PROBLEM TO WORK ON -> The answer consists only of the lines from the beginning of the listing below to the line holding "Harry's Horse Longeerhulpteugel Pessoa", inclusive, with every picture removed.
↓
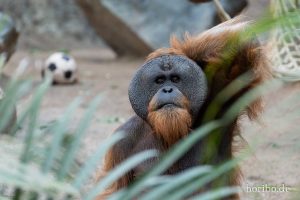 HR-19-05-29-18-18-00-6447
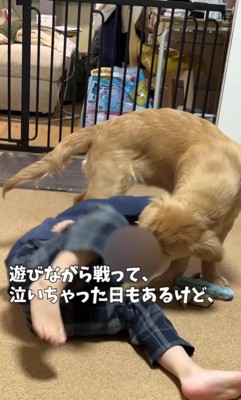 喧嘩をすることも…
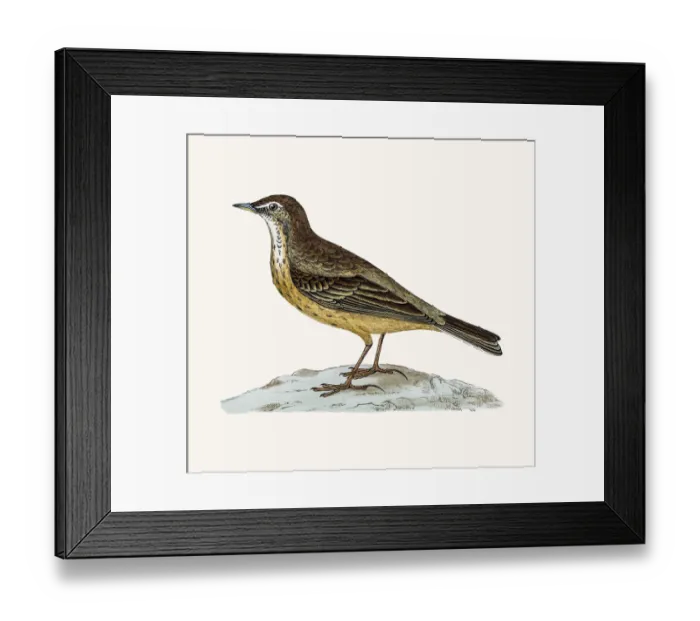 Framed Print : Rock pipit Framed Print : Rock pipit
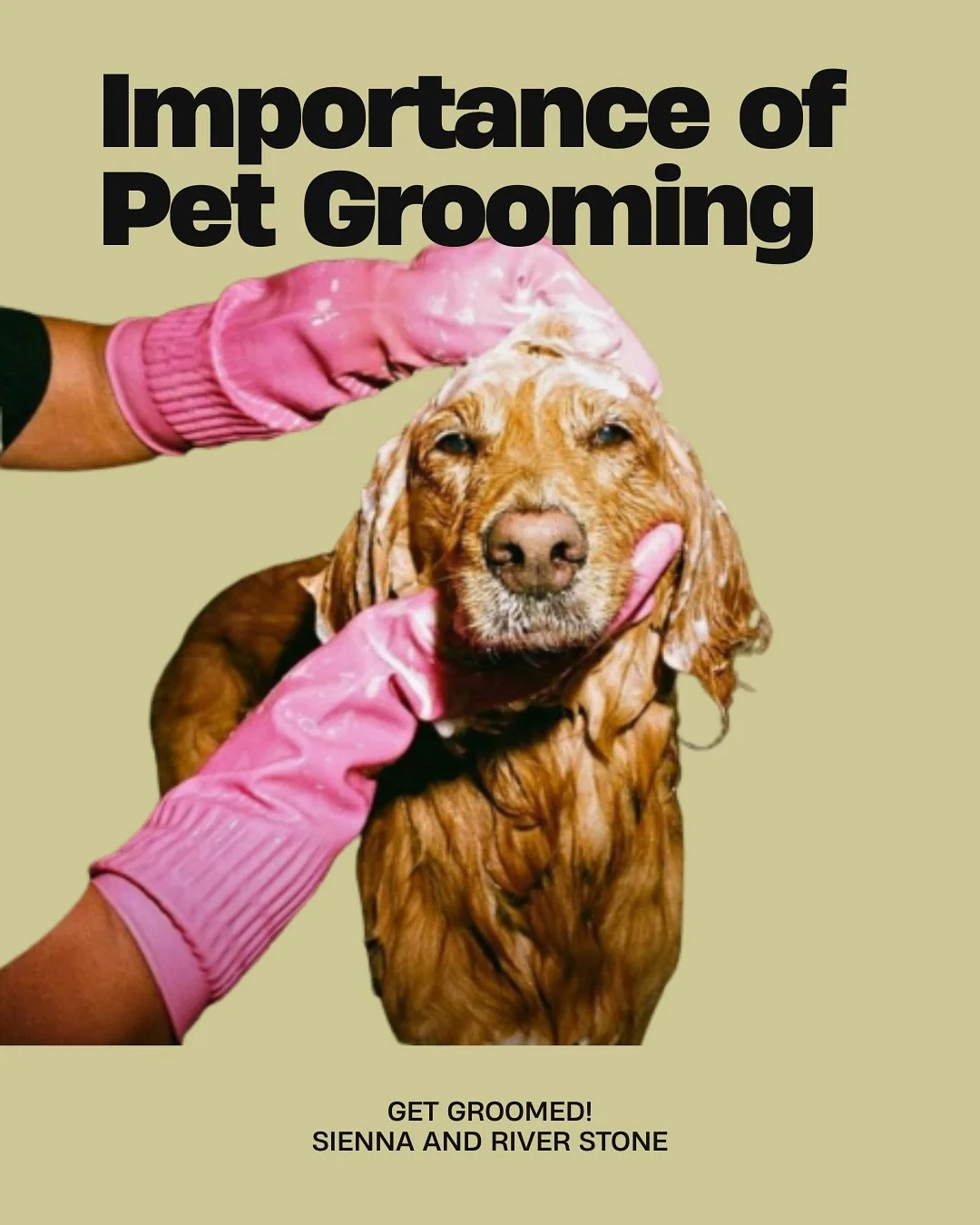 It’s more than just a bath, it’s care that keeps your pet healthy and
Hygienic grooming helps prevent infections, keeps the skin clean, and makes your pet feel comfortable every day.
Because real love shows in the little details, like a c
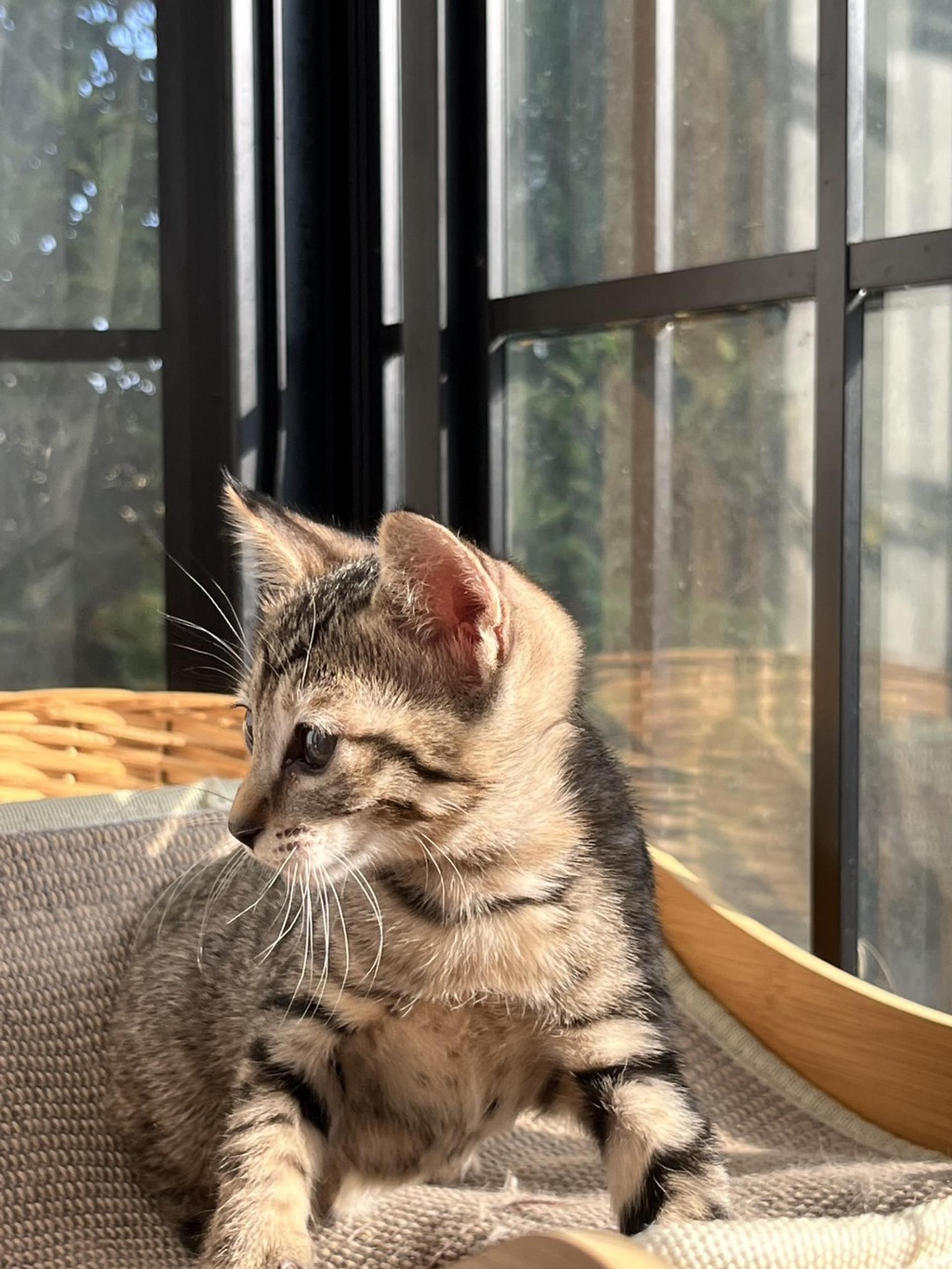 pet-image-3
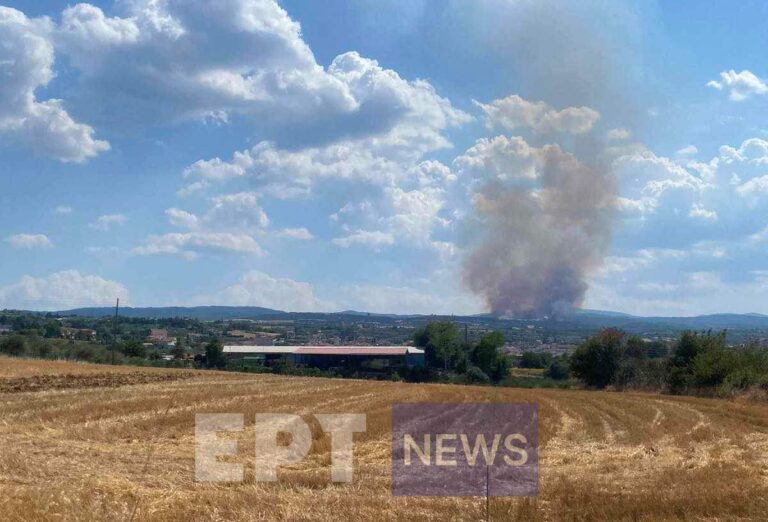 Σέρρες: Την Παρασκευή στο Αυτόφωρο για την πυρκαγιά στη Νιγρίτα ο 30χρονος αγρότης – Τι υποστήριξε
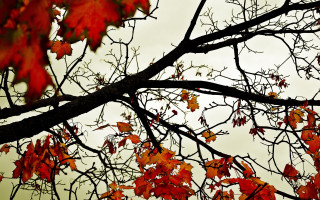 Red leaves autumn forest moon - a cloudy sky in the background free wallpaper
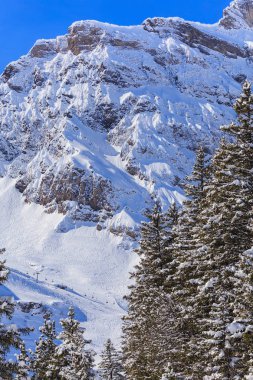 Mt. Titlis İsviçre kış görünümü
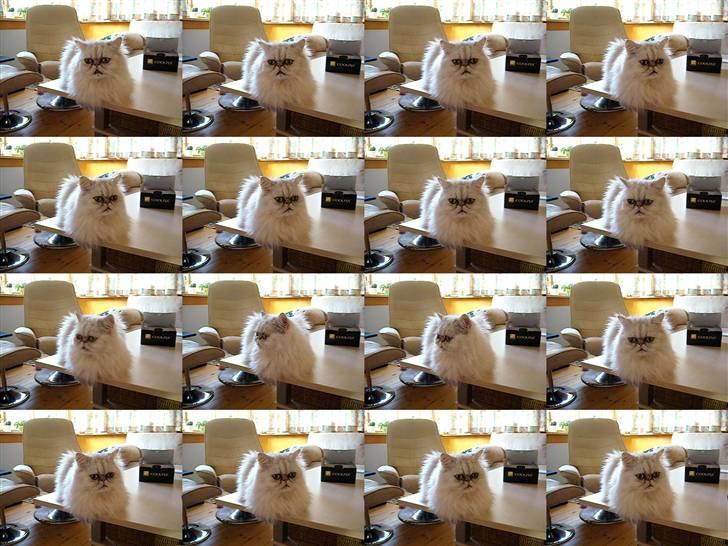 Perser Bianca billede 6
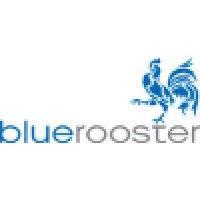 blue rooster inc.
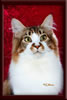 GC Brown Tabby Maine Coon Stud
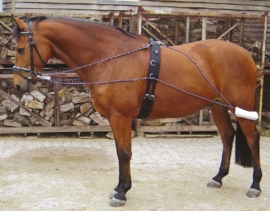 Harry's Horse Longeerhulpteugel Pessoa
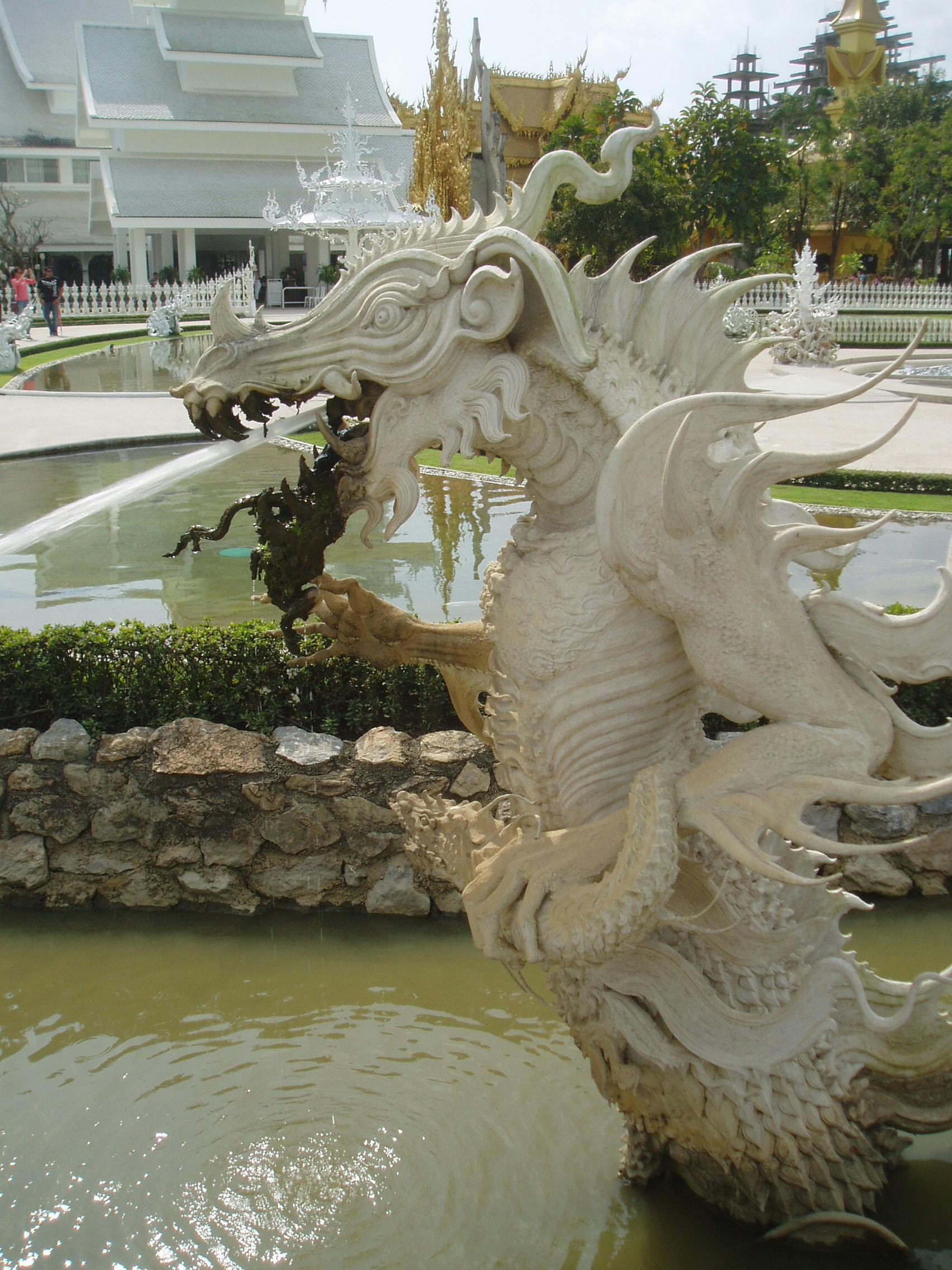 The Fountain and Surrounding Gardens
↑
COMPLETED EXERCISE ->
 HR-19-05-29-18-18-00-6447
 喧嘩をすることも…
 Framed Print : Rock pipit Framed Print : Rock pipit
 It’s more than just a bath, it’s care that keeps your pet healthy and
Hygienic grooming helps prevent infections, keeps the skin clean, and makes your pet feel comfortable every day.
Because real love shows in the little details, like a c
 pet-image-3
 Σέρρες: Την Παρασκευή στο Αυτόφωρο για την πυρκαγιά στη Νιγρίτα ο 30χρονος αγρότης – Τι υποστήριξε
 Red leaves autumn forest moon - a cloudy sky in the background free wallpaper
 Mt. Titlis İsviçre kış görünümü
 Perser Bianca billede 6
 blue rooster inc.
 GC Brown Tabby Maine Coon Stud
 Harry's Horse Longeerhulpteugel Pessoa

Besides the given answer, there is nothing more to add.